**Task directions:** The lines to return are those from the line holding "Brenda joined the" through the last line of the entries below, both included, written exactly and without pictures.

Dataset records

******

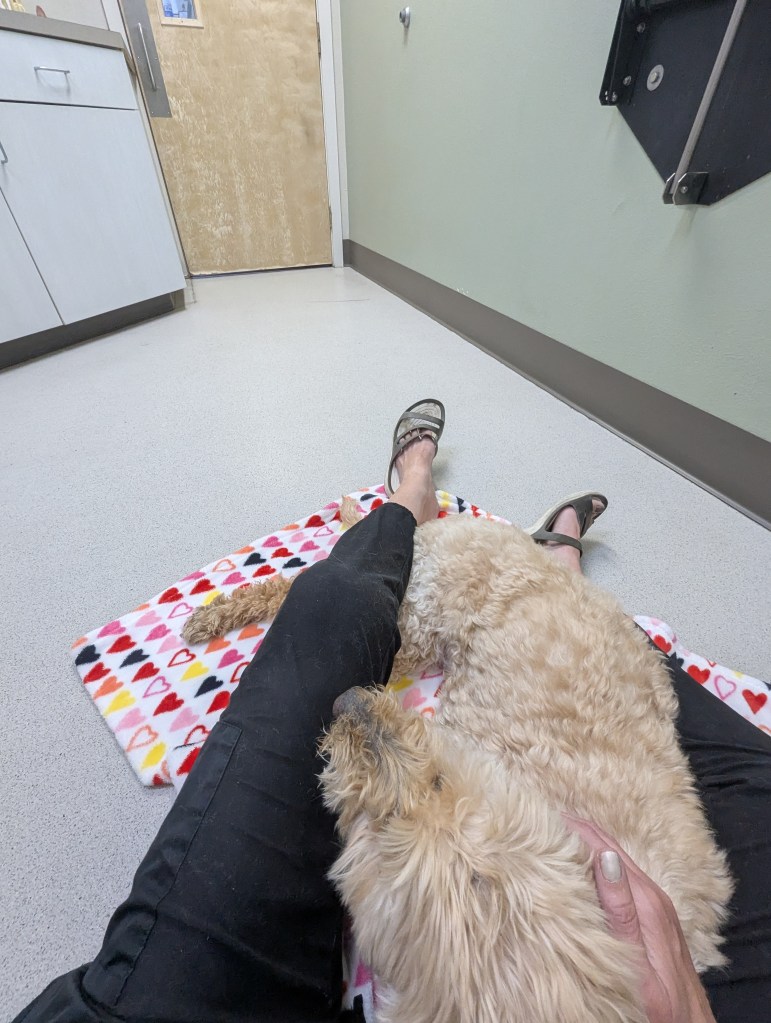A person sitting on the floor of a veterinary clinic with a furry, light-colored dog lying beside them, both on a colorful heart-patterned blanket.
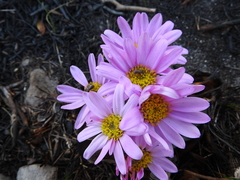 Mairia coriacea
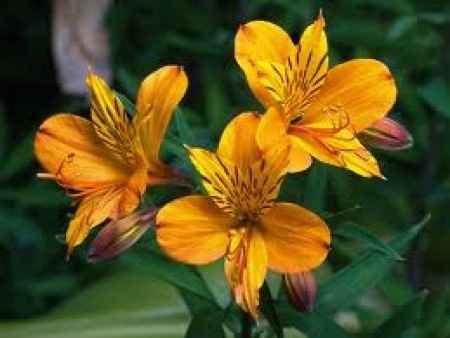Flores resistentes al calor 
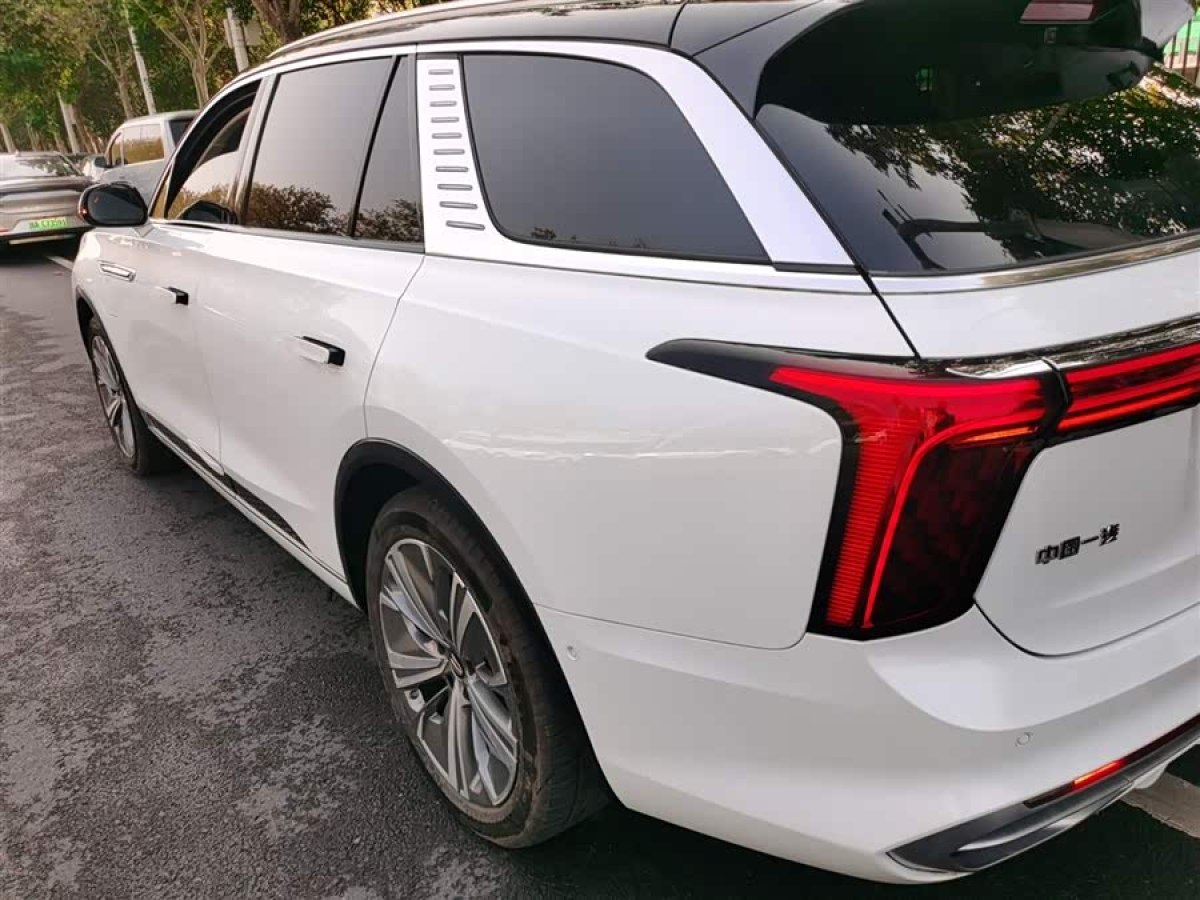 HongQi E-HS9 2023 car image #6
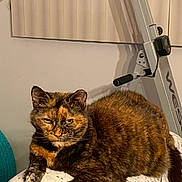 Brenda joined the competition — help win amazing prizes! abyssinian, animal, architecture, building, cat, chair, couch, cushion, desk, furniture, homedecor, indoors, interiordesign, kitten, livingroom, manx, pet, room, table, wood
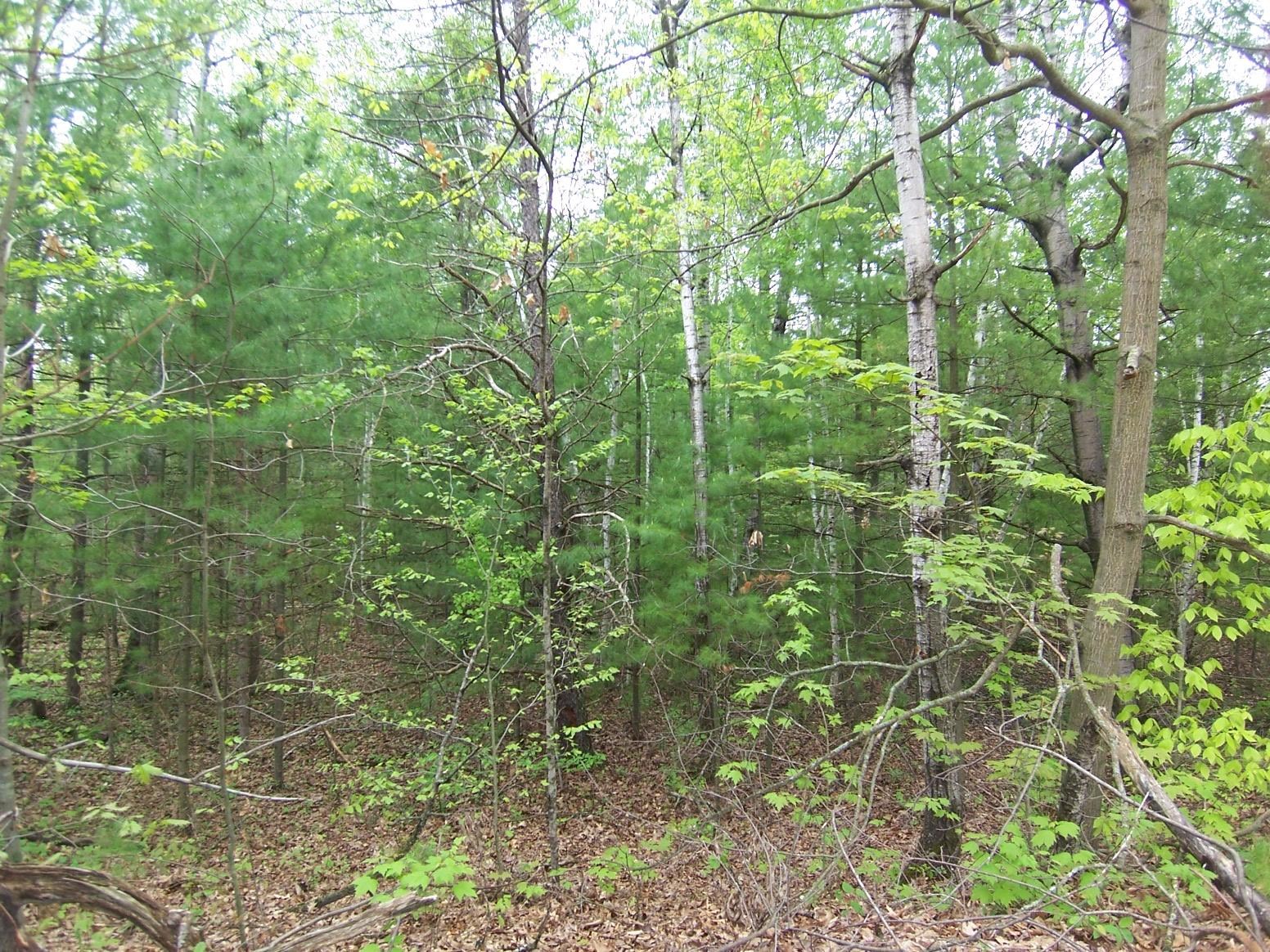 County Road South Sobieski, WI 54171 - Photo 10 of 15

******

**Solution for this exercise:**
 Brenda joined the competition — help win amazing prizes! abyssinian, animal, architecture, building, cat, chair, couch, cushion, desk, furniture, homedecor, indoors, interiordesign, kitten, livingroom, manx, pet, room, table, wood
 County Road South Sobieski, WI 54171 - Photo 10 of 15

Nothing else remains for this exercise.